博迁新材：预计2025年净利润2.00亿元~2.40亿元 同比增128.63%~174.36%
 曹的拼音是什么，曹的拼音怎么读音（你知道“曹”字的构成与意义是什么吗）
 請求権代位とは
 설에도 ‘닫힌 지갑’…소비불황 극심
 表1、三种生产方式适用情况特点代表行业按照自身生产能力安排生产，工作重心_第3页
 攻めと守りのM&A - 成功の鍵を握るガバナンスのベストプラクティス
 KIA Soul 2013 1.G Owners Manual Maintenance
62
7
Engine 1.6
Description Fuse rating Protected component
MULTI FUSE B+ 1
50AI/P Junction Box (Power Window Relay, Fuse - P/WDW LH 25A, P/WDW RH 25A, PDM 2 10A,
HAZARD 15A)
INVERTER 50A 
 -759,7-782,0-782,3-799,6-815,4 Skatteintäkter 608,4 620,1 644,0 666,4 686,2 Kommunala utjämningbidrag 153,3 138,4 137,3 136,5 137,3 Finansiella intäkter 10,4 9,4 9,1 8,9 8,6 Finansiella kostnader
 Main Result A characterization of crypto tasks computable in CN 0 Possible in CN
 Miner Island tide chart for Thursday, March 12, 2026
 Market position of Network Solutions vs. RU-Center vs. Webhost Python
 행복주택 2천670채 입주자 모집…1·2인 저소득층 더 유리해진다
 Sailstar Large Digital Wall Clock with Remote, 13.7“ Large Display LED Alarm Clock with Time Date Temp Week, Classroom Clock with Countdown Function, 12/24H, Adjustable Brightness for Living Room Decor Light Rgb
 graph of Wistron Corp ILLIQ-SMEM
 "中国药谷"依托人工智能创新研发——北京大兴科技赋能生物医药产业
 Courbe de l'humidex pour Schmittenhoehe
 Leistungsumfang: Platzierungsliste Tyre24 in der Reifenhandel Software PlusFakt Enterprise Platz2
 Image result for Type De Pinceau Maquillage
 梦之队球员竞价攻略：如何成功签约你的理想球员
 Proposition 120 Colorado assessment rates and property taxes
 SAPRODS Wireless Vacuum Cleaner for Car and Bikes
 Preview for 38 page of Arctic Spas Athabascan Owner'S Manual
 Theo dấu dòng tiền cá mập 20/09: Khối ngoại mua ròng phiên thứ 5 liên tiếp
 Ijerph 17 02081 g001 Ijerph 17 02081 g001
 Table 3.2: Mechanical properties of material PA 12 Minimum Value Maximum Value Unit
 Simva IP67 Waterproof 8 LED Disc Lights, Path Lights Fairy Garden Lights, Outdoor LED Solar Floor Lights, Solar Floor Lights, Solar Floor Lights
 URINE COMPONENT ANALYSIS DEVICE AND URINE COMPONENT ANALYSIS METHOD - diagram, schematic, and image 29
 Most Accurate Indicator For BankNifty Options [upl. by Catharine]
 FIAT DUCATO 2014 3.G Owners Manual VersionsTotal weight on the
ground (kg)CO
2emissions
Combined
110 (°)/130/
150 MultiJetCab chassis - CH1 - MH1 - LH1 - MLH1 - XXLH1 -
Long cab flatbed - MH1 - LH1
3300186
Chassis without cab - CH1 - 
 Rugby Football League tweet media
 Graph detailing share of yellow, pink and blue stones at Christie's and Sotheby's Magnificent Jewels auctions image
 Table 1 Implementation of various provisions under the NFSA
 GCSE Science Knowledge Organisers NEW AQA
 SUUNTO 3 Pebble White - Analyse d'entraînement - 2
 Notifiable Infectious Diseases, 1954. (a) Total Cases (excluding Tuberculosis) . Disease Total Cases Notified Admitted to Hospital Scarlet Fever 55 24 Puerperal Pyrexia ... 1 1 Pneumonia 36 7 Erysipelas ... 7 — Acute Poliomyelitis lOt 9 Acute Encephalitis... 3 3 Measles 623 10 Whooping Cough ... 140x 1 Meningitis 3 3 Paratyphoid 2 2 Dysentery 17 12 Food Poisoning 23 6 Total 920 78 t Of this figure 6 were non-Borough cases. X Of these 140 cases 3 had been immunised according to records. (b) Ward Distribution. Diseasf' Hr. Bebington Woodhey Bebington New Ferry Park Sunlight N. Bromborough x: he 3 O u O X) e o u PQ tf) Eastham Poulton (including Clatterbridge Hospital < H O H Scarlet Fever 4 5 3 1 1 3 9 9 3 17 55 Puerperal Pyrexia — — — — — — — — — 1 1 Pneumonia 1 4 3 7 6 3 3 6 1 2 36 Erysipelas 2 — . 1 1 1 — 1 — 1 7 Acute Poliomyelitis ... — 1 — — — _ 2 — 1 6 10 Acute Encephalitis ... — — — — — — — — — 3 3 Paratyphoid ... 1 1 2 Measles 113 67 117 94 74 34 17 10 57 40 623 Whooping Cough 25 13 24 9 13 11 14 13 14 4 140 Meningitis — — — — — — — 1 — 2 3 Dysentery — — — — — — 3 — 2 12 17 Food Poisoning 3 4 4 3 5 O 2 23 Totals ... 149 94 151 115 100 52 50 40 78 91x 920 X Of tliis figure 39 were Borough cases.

********************

## What this task involves:
The first line of the entries above marks where to begin; repeat each line exactly through the one that contains "-759,7-782,0-782,3-799,6-815,4 Skatteintäkter 608,4", and include that line.

## Written response:
博迁新材：预计2025年净利润2.00亿元~2.40亿元 同比增128.63%~174.36%
 曹的拼音是什么，曹的拼音怎么读音（你知道“曹”字的构成与意义是什么吗）
 請求権代位とは
 설에도 ‘닫힌 지갑’…소비불황 극심
 表1、三种生产方式适用情况特点代表行业按照自身生产能力安排生产，工作重心_第3页
 攻めと守りのM&A - 成功の鍵を握るガバナンスのベストプラクティス
 KIA Soul 2013 1.G Owners Manual Maintenance
62
7
Engine 1.6
Description Fuse rating Protected component
MULTI FUSE B+ 1
50AI/P Junction Box (Power Window Relay, Fuse - P/WDW LH 25A, P/WDW RH 25A, PDM 2 10A,
HAZARD 15A)
INVERTER 50A 
 -759,7-782,0-782,3-799,6-815,4 Skatteintäkter 608,4 620,1 644,0 666,4 686,2 Kommunala utjämningbidrag 153,3 138,4 137,3 136,5 137,3 Finansiella intäkter 10,4 9,4 9,1 8,9 8,6 Finansiella kostnader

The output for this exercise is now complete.